** WHAT YOU WILL DO **
Below are some records. Write out exactly their lines from the one with "Mercedes-Benz C-Klasse (2021) thumbnail 31" through the one with "Diretório de Jogos 0500Bet", and leave the pictures behind.

───── ENTRIES PROVIDED

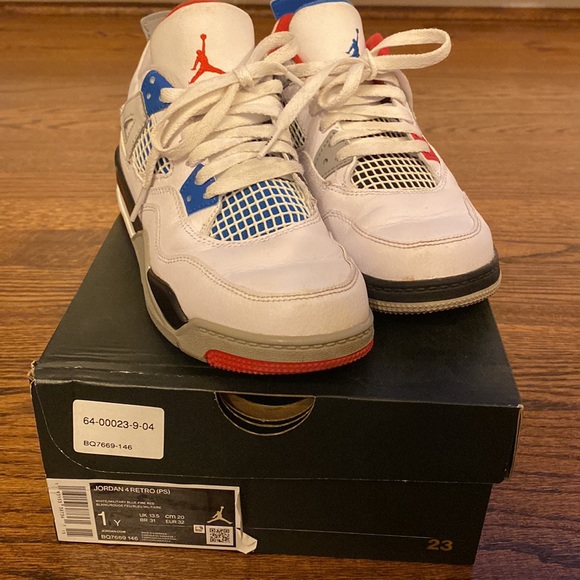Jordan 4 retro - Picture 3 of 3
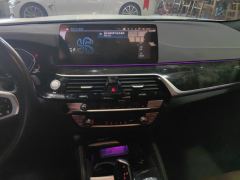 BMW 5 Series 525Li M Sport Package - ფოტო 17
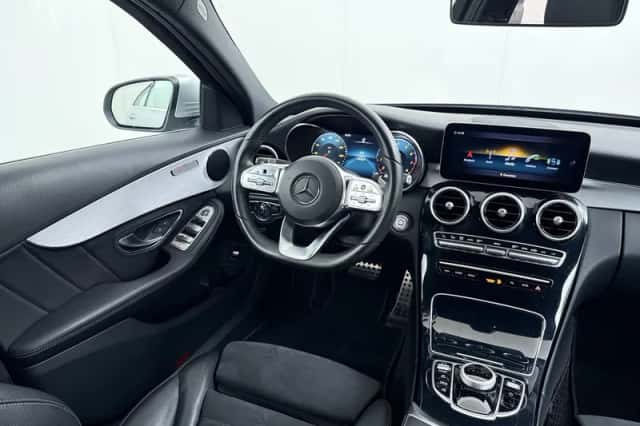 Mercedes-Benz C-Klasse (2021) thumbnail 31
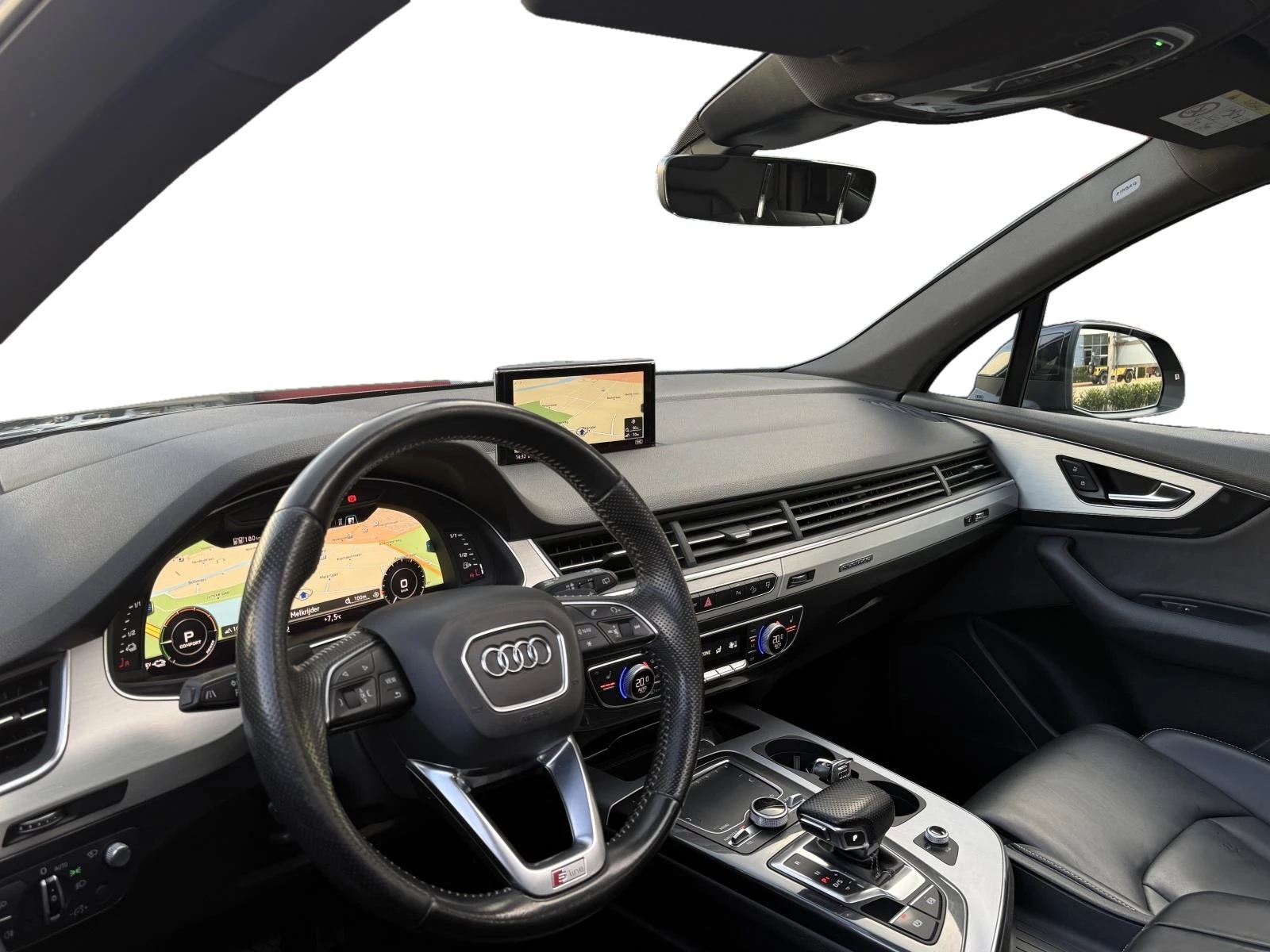 Hoofdafbeelding Audi Q7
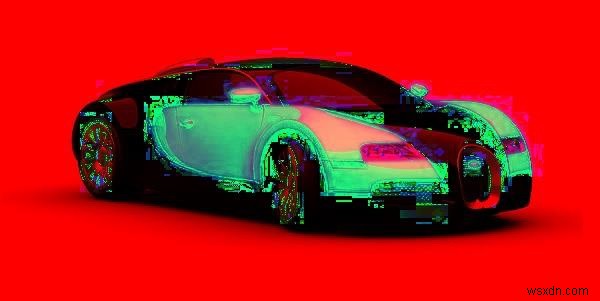 Java OpenCV 라이브러리로 HSV 이미지를 BGR 색상 공간으로 변환하는 방법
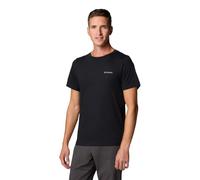Columbia Camiseta Estampada para Hombre, Rapid Ridge II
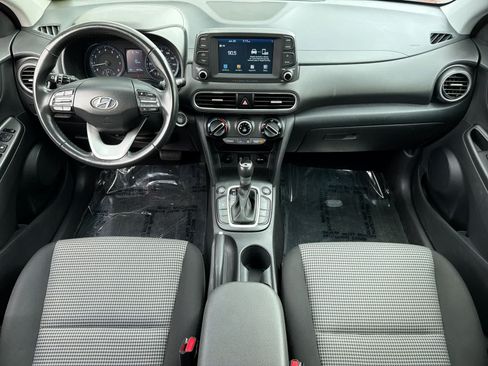Used 2019 Hyundai Kona SEL w/ SEL Tech Package 02 AWD/4WD image 16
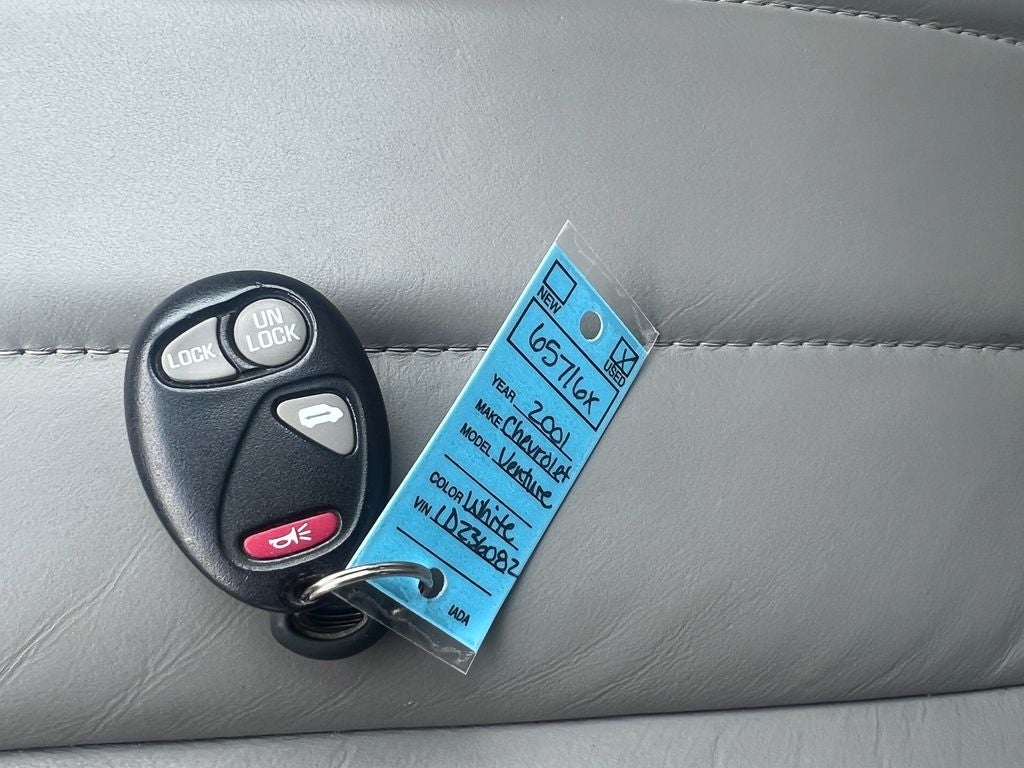 2001 Chevrolet Venture Plus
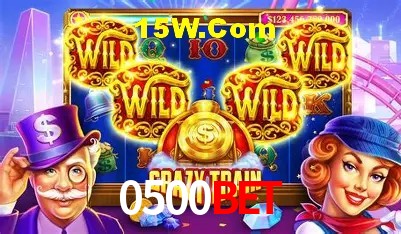 Diretório de Jogos 0500Bet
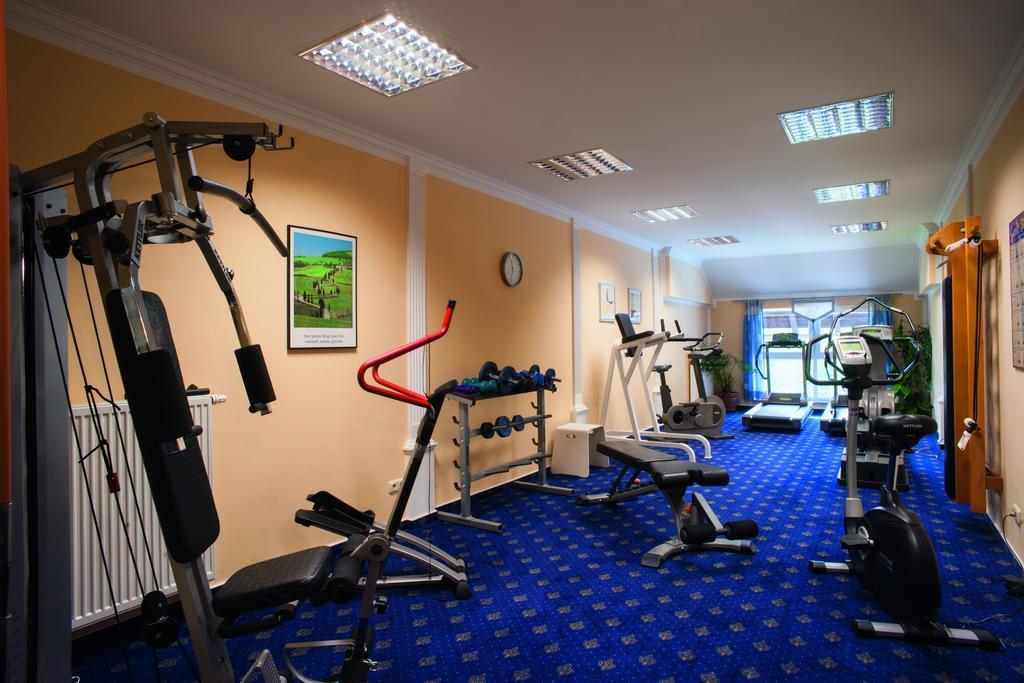 Wellness- Und Vitalhotel Boehmhof Боденмайс Екстер'єр фото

──────────

** YOUR RESPONSE **
 Mercedes-Benz C-Klasse (2021) thumbnail 31
 Hoofdafbeelding Audi Q7
 Java OpenCV 라이브러리로 HSV 이미지를 BGR 색상 공간으로 변환하는 방법
Columbia Camiseta Estampada para Hombre, Rapid Ridge II
Used 2019 Hyundai Kona SEL w/ SEL Tech Package 02 AWD/4WD image 16
 2001 Chevrolet Venture Plus
 Diretório de Jogos 0500Bet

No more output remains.